Penulis: Penelitian Arah Pasar

Jendela negosiasi AS-Iran telah berakhir, prospek perjanjian jangka panjang suram. Tiga indeks utama saham AS turun untuk hari kedua berturut-turut, dengan Dow Jones mencapai posisi terendah baru dalam dua minggu. S&P 500 turun 0,52% menjadi 7.745,06 poin, Dow Jones turun 0,51% menjadi 53.459,78 poin, dan Nasdaq turun 0,32% menjadi 26.644,911 poin. VIX naik 6,48% menjadi 17,42. "Tujuh Raksasa Teknologi" semua ditutup turun, Meta turun 3,5% menjadi yang terburuk. Namun, saham chip memori dan komunikasi optik menguat terbalik pasar, Indeks Semikonduktor Philadelphia rebound 1,6%, kembali ke wilayah bullish. Risiko Timur Tengah mendorong imbal hasil obligasi AS terus naik, imbal hasil obligasi 30 tahun AS mencapai level tertinggi sejak 2007. Prospek perjanjian AS-Iran membantu minyak naik, minyak mentah Brent untuk pertama kalinya dalam tiga minggu ditutup di atas level US$90 per barel. Emas ditutup di level tertinggi baru dalam lebih dari dua bulan. Indeks Dolar AS turun selama tiga hari berturut-turut, yuan lepas pantai (CNH) intraday melampaui 6,74, mencatat level tertinggi baru dalam lebih dari tiga tahun. Alur pasar jelas: risiko geopolitik yang meningkat mendongkrak harga minyak dan aset safe-haven, namun logika permintaan chip AI terus menguat, dana terus diisi ulang ke sektor memori dan komunikasi optik.

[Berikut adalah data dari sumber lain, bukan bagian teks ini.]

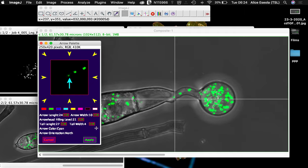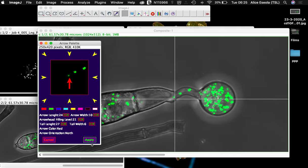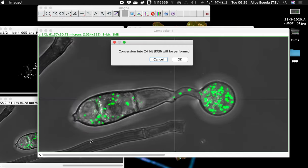It's possible to change the length of the arrow head, the width of it, the tail, and the width of the tail. Once you've selected the type you want, let's choose red and click apply.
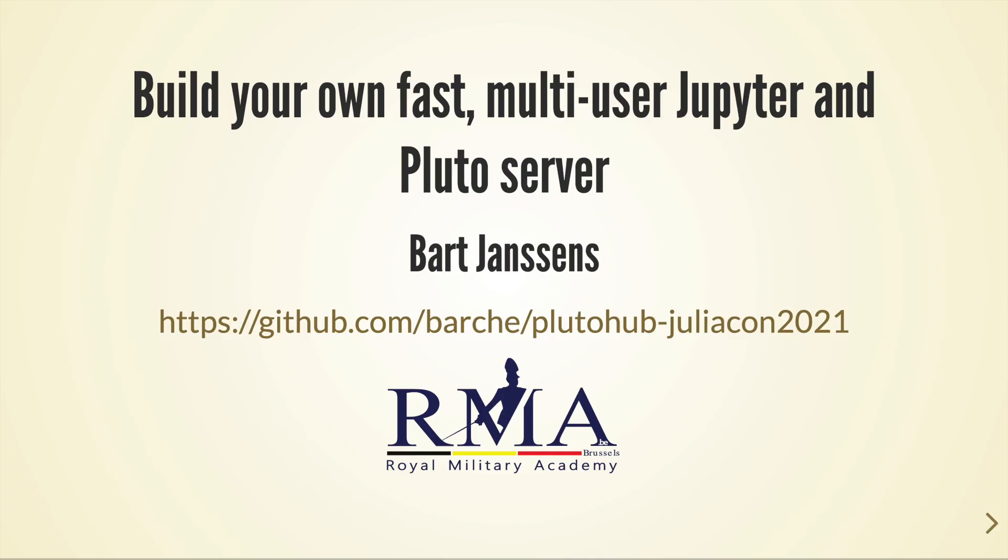Hi, I am Bart Janssens from the Royal Military Academy and I'll be presenting a way to build your own multi-user Jupyter and Pluto server. I've put some tutorial files on my github on the address that you can see here on the slide.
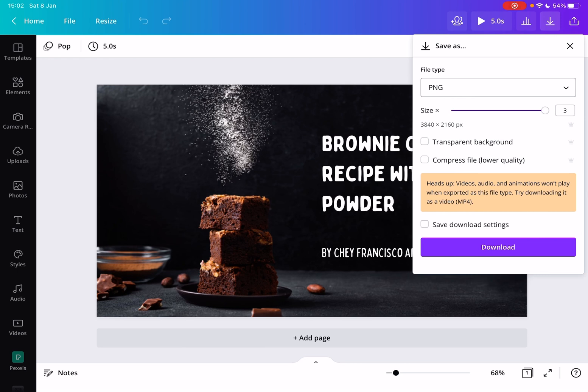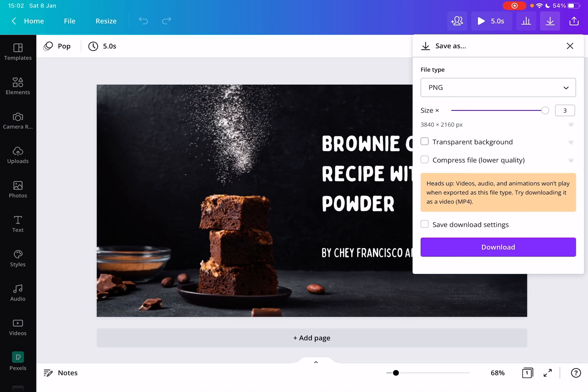You can also set transparent background if you have transparent backgrounds in your image. As you can see in this image I have a photo in the background, so it doesn't really make sense in this case, but you can use that also.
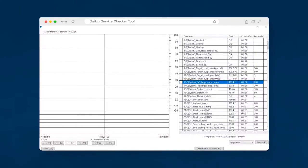Quentin, so tell me what is the Daikin service checker tool and how would we use that and how would we apply it as a diagnostic tool?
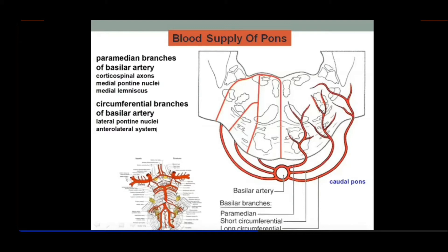The basilar artery runs on the ventral aspect in the medial plane. There is a sulcus — approximately 2.5 cm in length — called the basilar sulcus, which lodges the basilar artery. When it reaches the upper junction with the midbrain, it terminates into two terminal branches called the posterior cerebral arteries.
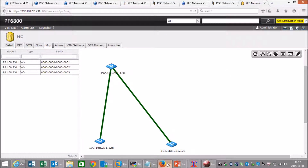As you can see on this picture, the controller has automatically — or the switches have been configured to contact the controller and identify themselves. The names of these switches are 1, 2, and 3 with a lot of zeros as you can see. And now I will start to build the virtual networks.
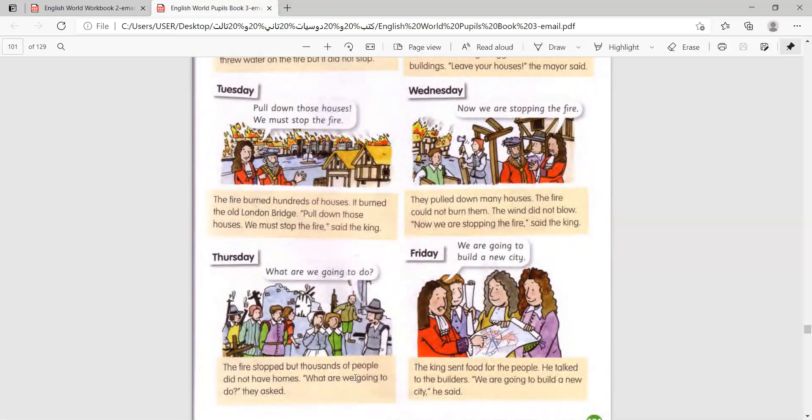What are we going to do, they asked. The king sent food for the people. He talked to the builders. We are going to build a new city, he said.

Jendela Negosiasi AS-Iran Berakhir, Prospek Perjanjian Jangka Panjang Suram, Minyak Mentah Bertahan di Atas US$90

Variabel makro inti pada hari Senin adalah geopolitik. Jendela Nota Kesepahaman (MoU) negosiasi AS-Iran telah berakhir, kedua belah pihak tidak mencapai kesepakatan perpanjangan. Trump menyatakan tidak terburu-buru mengakhiri perang dengan Iran, tidak berusaha memperpanjang MoU AS-Iran, menyatakan pihak Iran "tidak akan mencapai kesepakatan yang saya anggap perlu", dan memperingatkan jika Oman menghalangi negosiasi akan "dibom habis-habisan". Pihak Iran juga bersikap keras, menyingkirkan kemungkinan perpanjangan MoU, menyatakan telah menetapkan batas waktu terakhir bagi AS untuk memenuhi kewajiban.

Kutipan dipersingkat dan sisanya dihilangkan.